After the line containing "Culotte haute bleu CHANTELLE pour femme", write nothing more; before it, reproduce every line of the material below exactly, starting with the first.

Records for processing:
◇ ◇ ◇

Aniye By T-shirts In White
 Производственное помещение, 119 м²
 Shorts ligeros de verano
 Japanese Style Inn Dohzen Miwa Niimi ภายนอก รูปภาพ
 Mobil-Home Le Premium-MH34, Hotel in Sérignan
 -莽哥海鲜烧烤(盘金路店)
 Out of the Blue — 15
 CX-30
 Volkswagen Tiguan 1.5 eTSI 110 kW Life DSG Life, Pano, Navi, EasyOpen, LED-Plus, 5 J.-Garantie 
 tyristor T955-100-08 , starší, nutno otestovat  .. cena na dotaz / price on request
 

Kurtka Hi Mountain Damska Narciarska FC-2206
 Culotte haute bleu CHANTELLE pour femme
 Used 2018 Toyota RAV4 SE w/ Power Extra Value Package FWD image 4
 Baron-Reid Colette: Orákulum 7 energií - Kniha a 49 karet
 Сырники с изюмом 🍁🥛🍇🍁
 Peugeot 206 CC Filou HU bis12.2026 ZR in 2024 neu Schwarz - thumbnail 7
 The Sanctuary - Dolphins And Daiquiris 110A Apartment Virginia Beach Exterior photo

◇ ◇ ◇

Solution to the problem:
Aniye By T-shirts In White
 Производственное помещение, 119 м²
 Shorts ligeros de verano
 Japanese Style Inn Dohzen Miwa Niimi ภายนอก รูปภาพ
 Mobil-Home Le Premium-MH34, Hotel in Sérignan
 -莽哥海鲜烧烤(盘金路店)
 Out of the Blue — 15
 CX-30
 Volkswagen Tiguan 1.5 eTSI 110 kW Life DSG Life, Pano, Navi, EasyOpen, LED-Plus, 5 J.-Garantie 
 tyristor T955-100-08 , starší, nutno otestovat  .. cena na dotaz / price on request
 

Kurtka Hi Mountain Damska Narciarska FC-2206
 Culotte haute bleu CHANTELLE pour femme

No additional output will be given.